» **REQUIRED ACTION**: Retype word for word the stretch of entries below from the line that has "Chanel N°5 100 Ml Edp" through the line that has "Luise - Elegante High-Waisted Hose", and omit the pictures.

» **SUPPLIED RECORDS**:

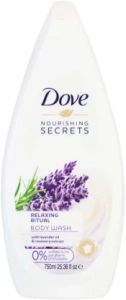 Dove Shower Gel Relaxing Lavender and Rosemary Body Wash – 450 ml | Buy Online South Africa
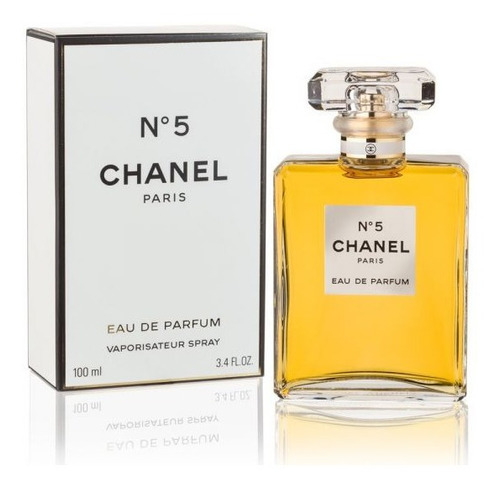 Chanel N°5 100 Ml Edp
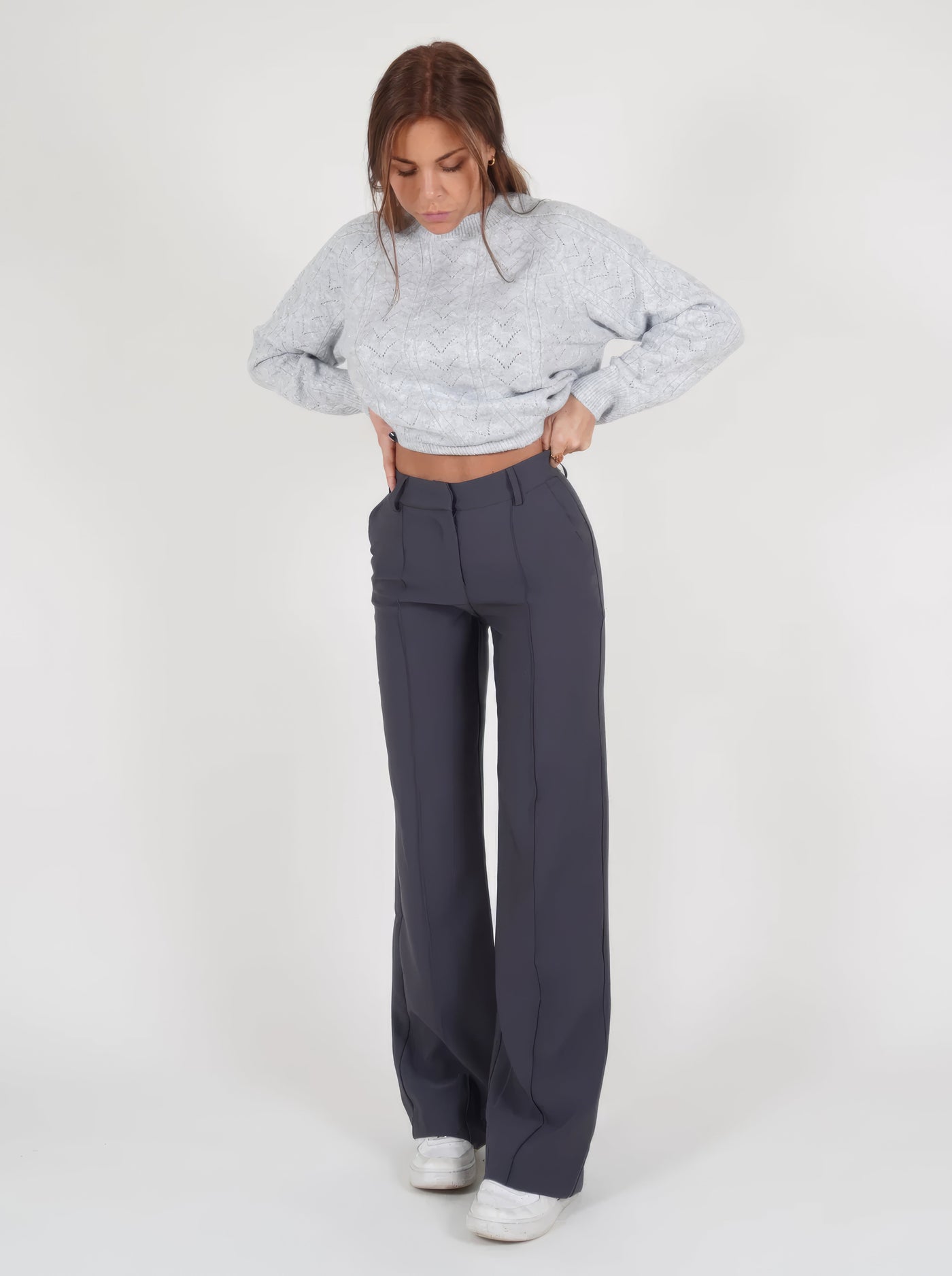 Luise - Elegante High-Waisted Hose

==

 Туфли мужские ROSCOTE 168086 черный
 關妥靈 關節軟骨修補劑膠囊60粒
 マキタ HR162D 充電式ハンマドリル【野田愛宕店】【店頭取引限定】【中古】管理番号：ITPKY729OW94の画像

* * *

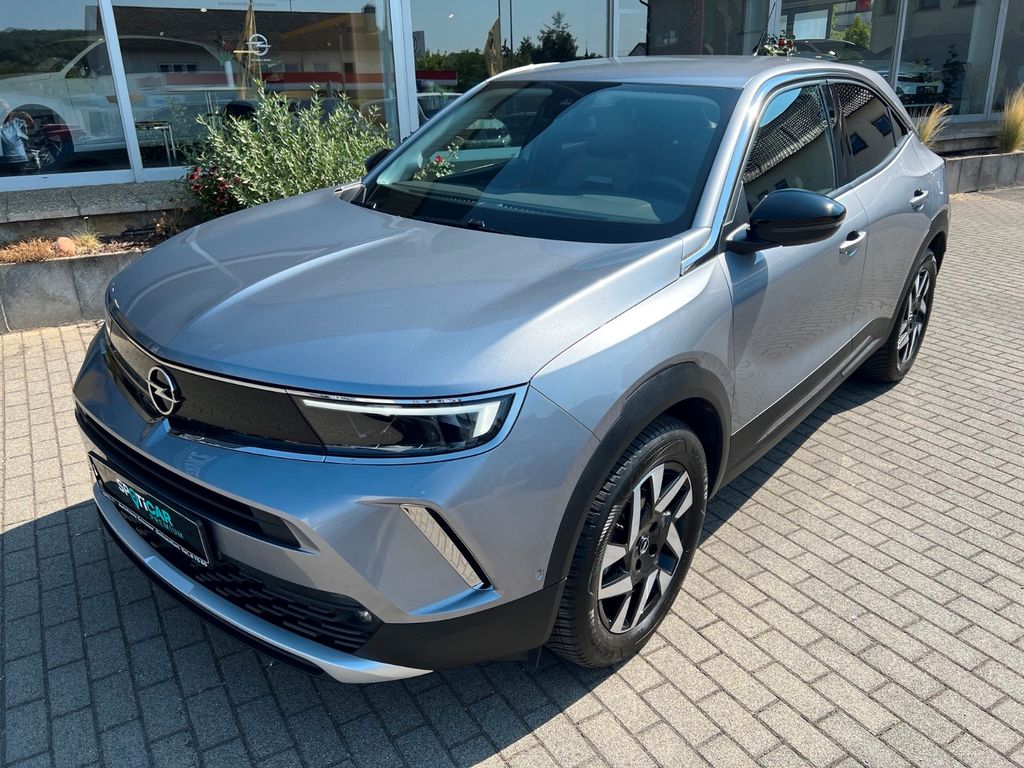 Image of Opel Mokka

» **RESPONSE AREA**:
 Chanel N°5 100 Ml Edp
 Luise - Elegante High-Waisted Hose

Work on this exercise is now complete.